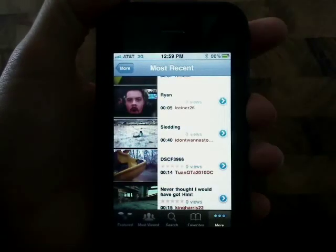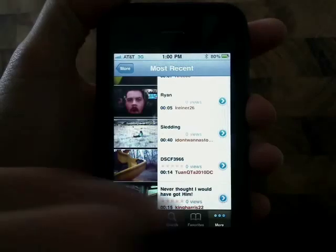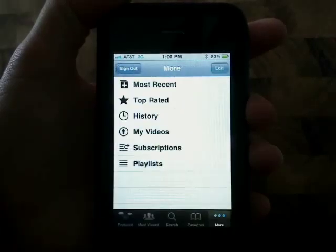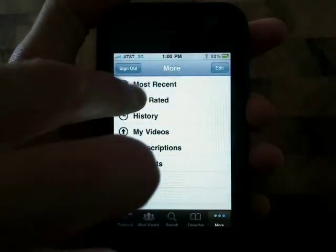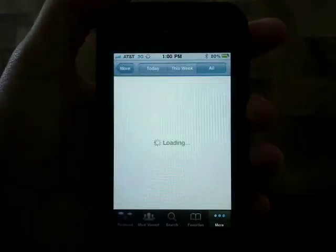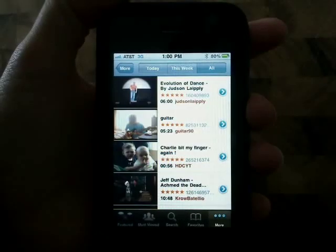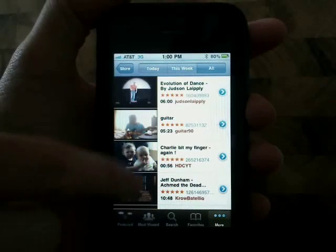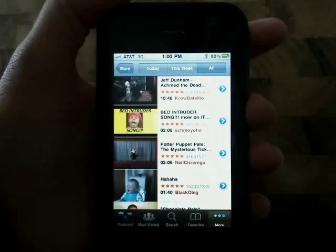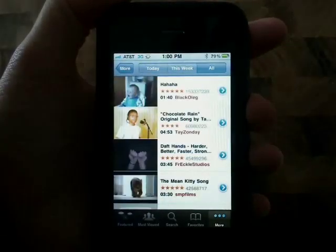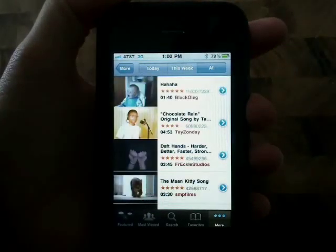You can also go to most rated videos to see what people are rating. There's probably going to be a lot of the same videos that are also in the most viewed area.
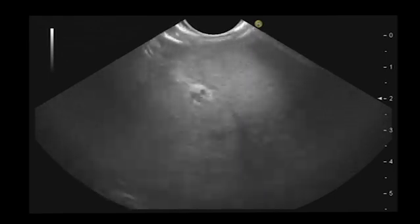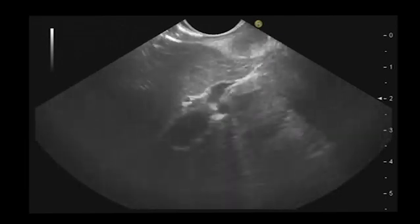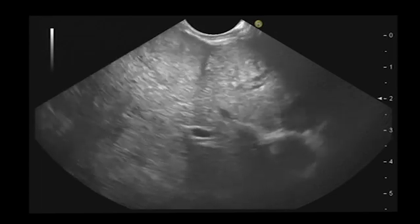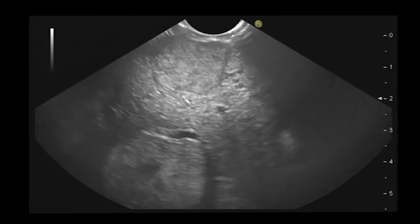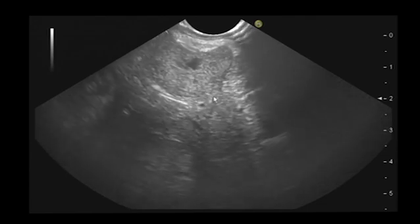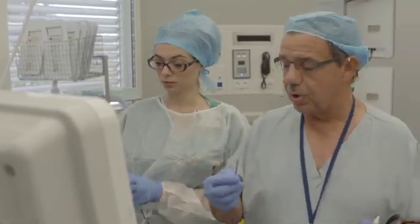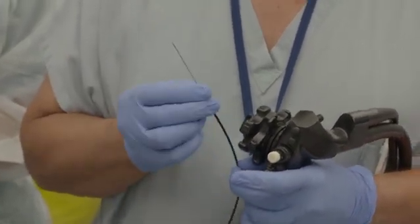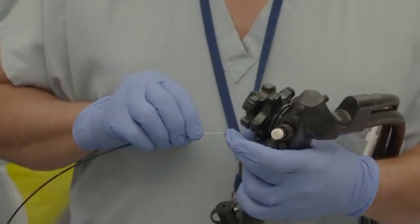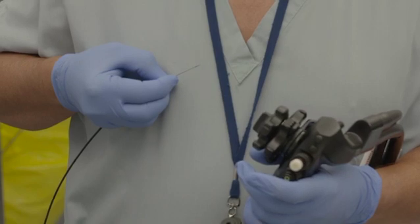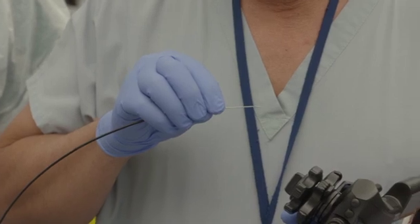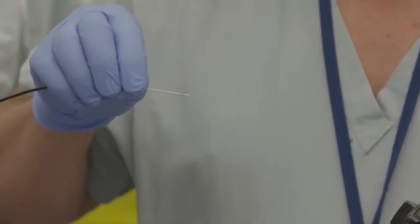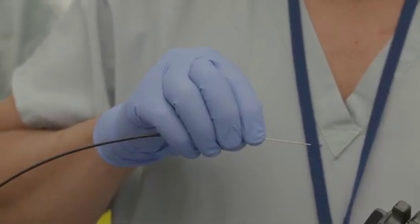Now I will select one liver metastasis. Here, for example — here we have a big one. I will use the new needle. This needle is new for three things. First is the new bevel — it's a reverse bevel. In comparison with the ProCore needle, the biopsy with the ProCore was performed when you pull the needle inside the lesion. With this needle, the biopsy is performed when you push the needle inside the lesion. This is the first change.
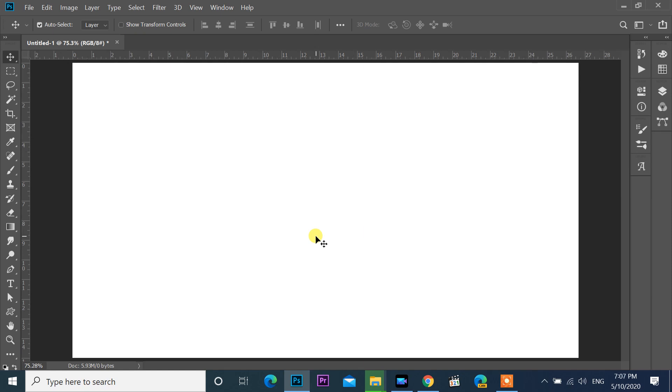Hi friends, welcome to my channel. Today I will show you how to make keyboard buttons in Photoshop CC. We can start now.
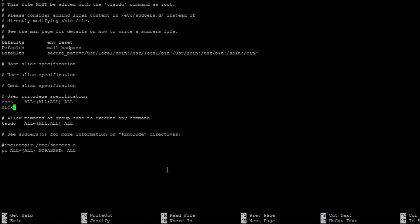You can then alter the config file like so. Then save and exit to apply the changes.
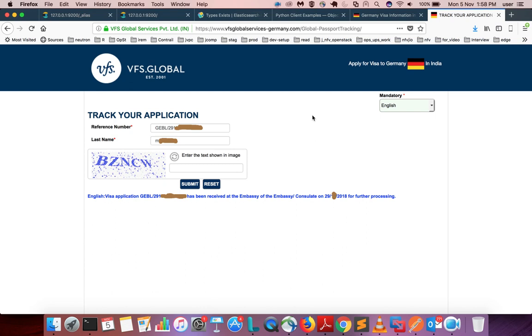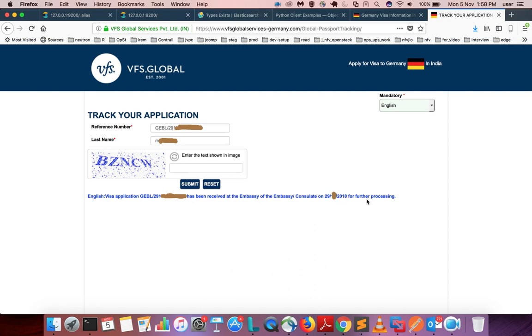If you check the status of your application via VFS Global tracking system, you can see a message like this: 'This application has been received at the embassy or consulate on this date for further processing.'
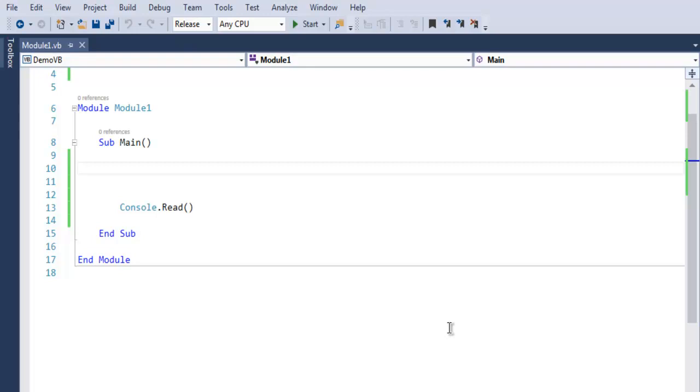Hi there, in this video we are going to take a look at exception handling in VB.NET. First thing, create a console VB.NET application in Visual Studio. Now you will have an empty project such as this.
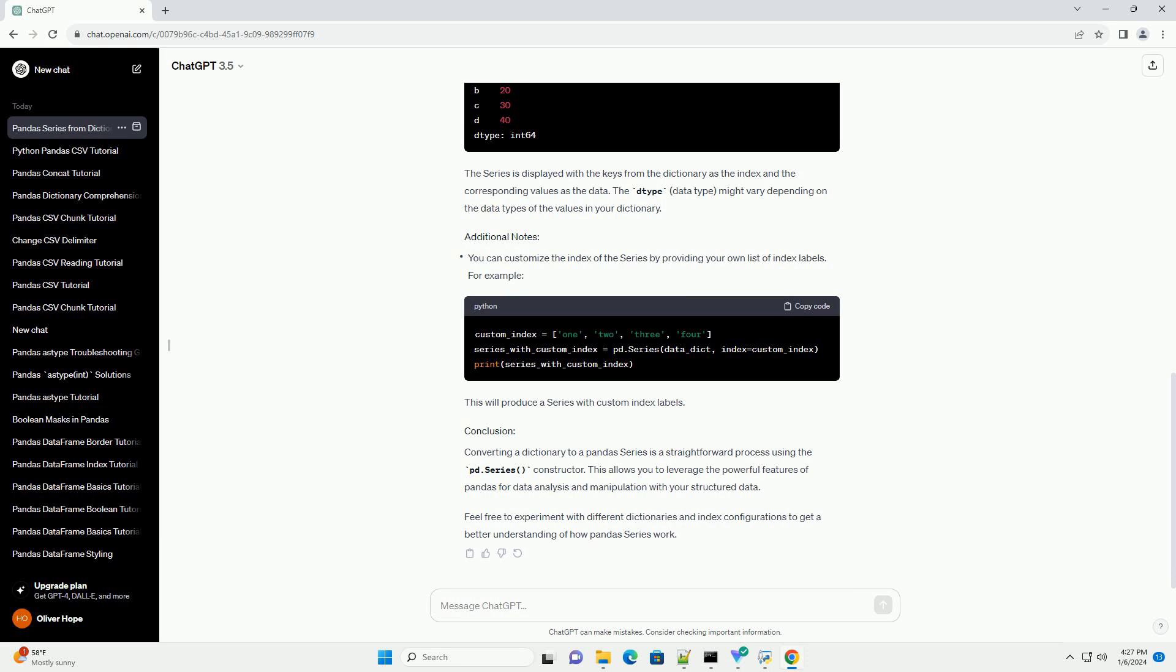This will produce a series with custom index labels. Converting a dictionary to a Pandas series is a straightforward process using the pd.series constructor. This allows you to leverage the powerful features of Pandas for data analysis and manipulation with your structured data. Feel free to experiment with different dictionaries and index configurations to get a better understanding of how Pandas series work.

━━━━━━━━

*YOUR ASSIGNMENT*
Using the data above, transcribe exactly the lines between those containing "You can then" and "Hi there, in", inclusive, and leave every picture behind.

*EXERCISE ANSWER*
You can then alter the config file like so. Then save and exit to apply the changes.
If you check the status of your application via VFS Global tracking system, you can see a message like this: 'This application has been received at the embassy or consulate on this date for further processing.'
Hi there, in this video we are going to take a look at exception handling in VB.NET. First thing, create a console VB.NET application in Visual Studio. Now you will have an empty project such as this.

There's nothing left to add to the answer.